**Exercise objective**
Any picture in the data below gets skipped; print all the rest exactly.
*** Opening Information provided ***
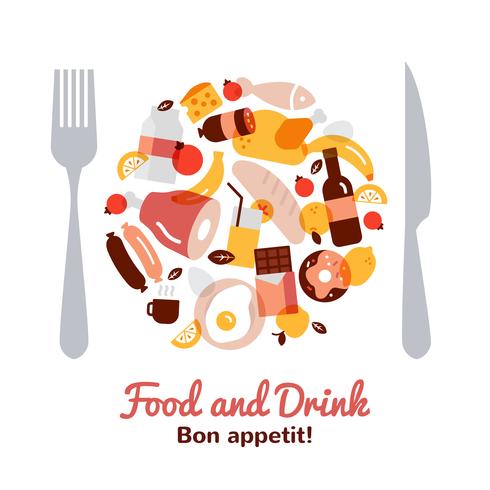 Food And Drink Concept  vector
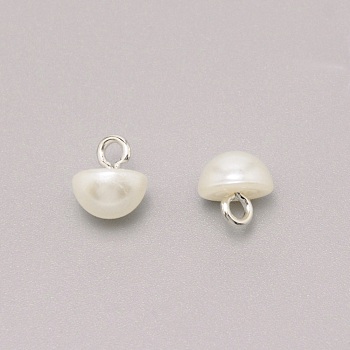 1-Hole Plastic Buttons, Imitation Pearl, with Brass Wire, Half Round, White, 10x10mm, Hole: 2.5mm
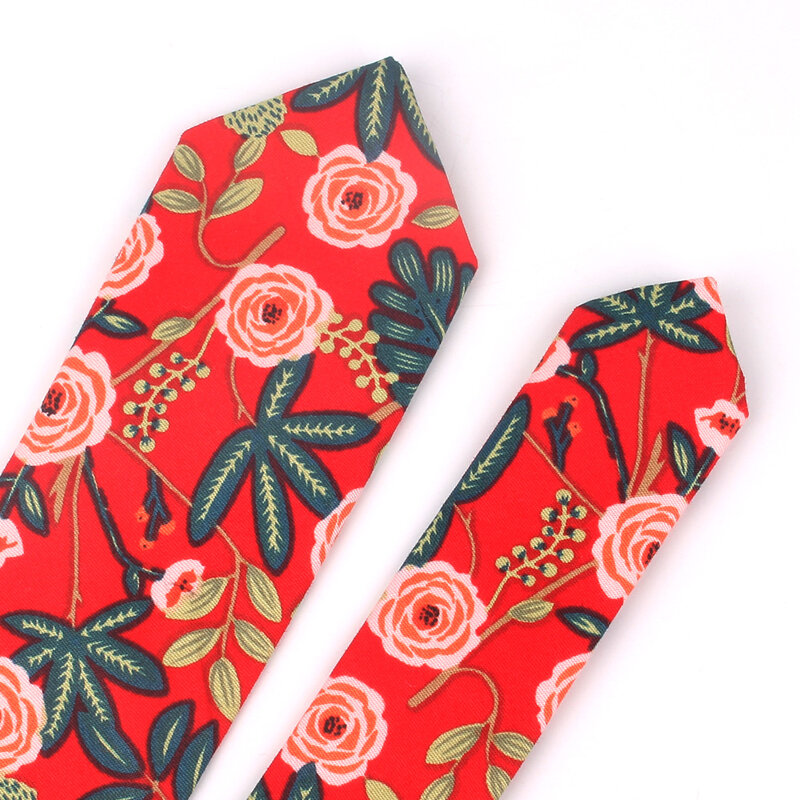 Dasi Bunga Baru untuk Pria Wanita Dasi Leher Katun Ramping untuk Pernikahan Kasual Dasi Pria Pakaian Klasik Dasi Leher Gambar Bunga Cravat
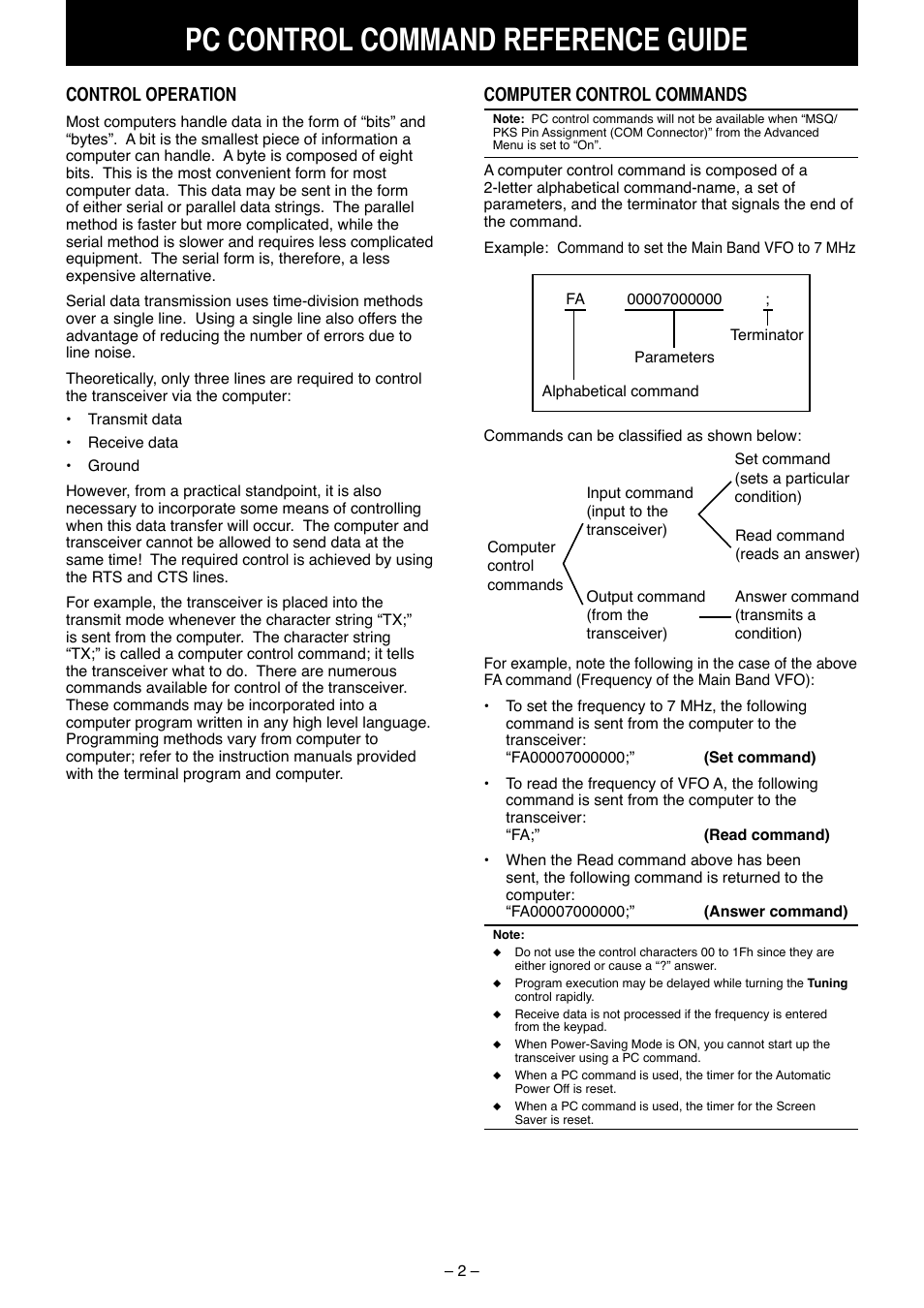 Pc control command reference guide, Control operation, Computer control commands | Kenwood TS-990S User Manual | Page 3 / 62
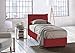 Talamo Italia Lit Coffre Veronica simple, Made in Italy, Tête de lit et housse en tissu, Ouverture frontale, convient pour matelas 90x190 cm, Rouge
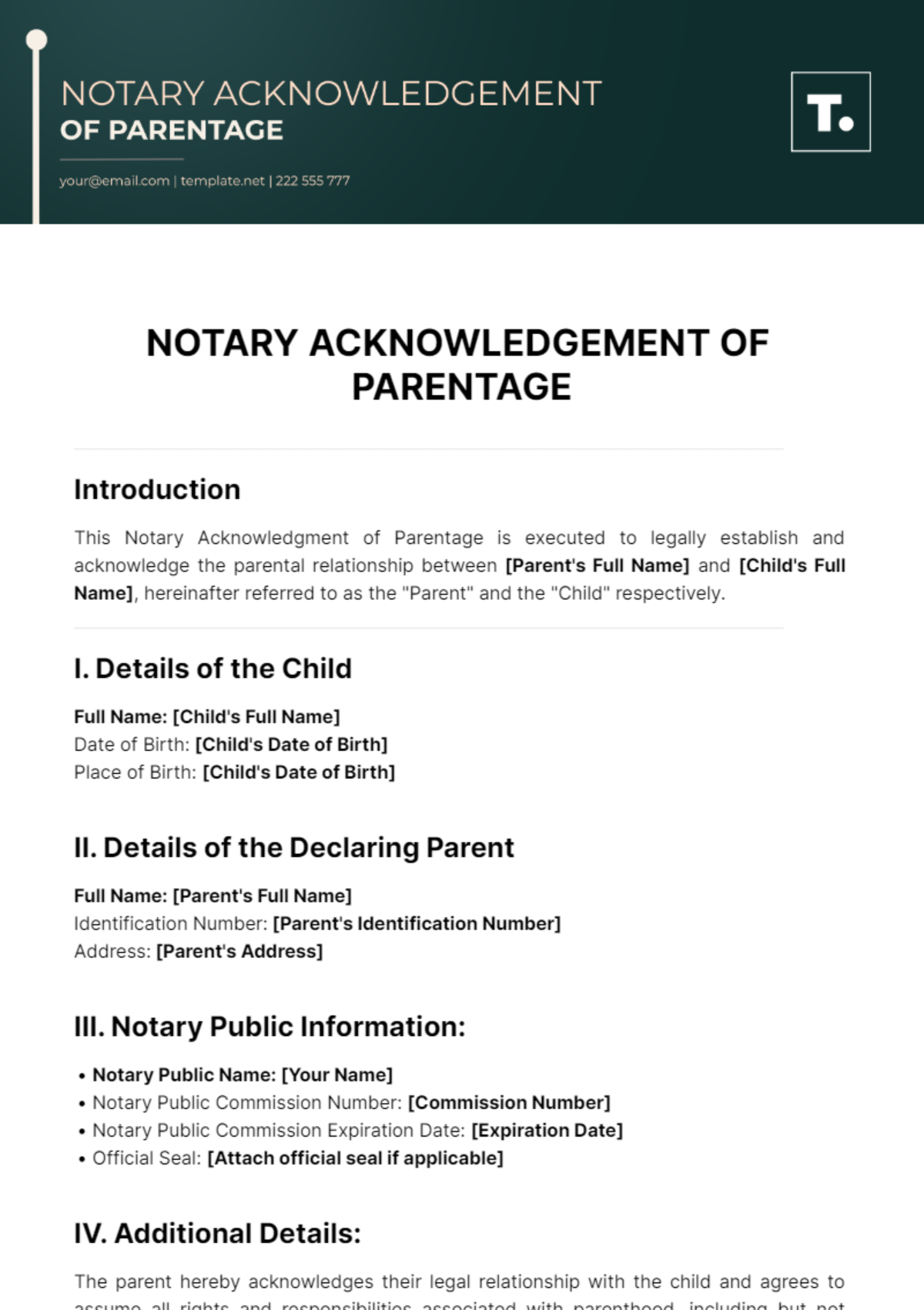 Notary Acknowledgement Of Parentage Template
*** Closing Information provided ***
**Worked solution**
 Food And Drink Concept  vector
 1-Hole Plastic Buttons, Imitation Pearl, with Brass Wire, Half Round, White, 10x10mm, Hole: 2.5mm
 Dasi Bunga Baru untuk Pria Wanita Dasi Leher Katun Ramping untuk Pernikahan Kasual Dasi Pria Pakaian Klasik Dasi Leher Gambar Bunga Cravat
 Pc control command reference guide, Control operation, Computer control commands | Kenwood TS-990S User Manual | Page 3 / 62
 Talamo Italia Lit Coffre Veronica simple, Made in Italy, Tête de lit et housse en tissu, Ouverture frontale, convient pour matelas 90x190 cm, Rouge
 Notary Acknowledgement Of Parentage Template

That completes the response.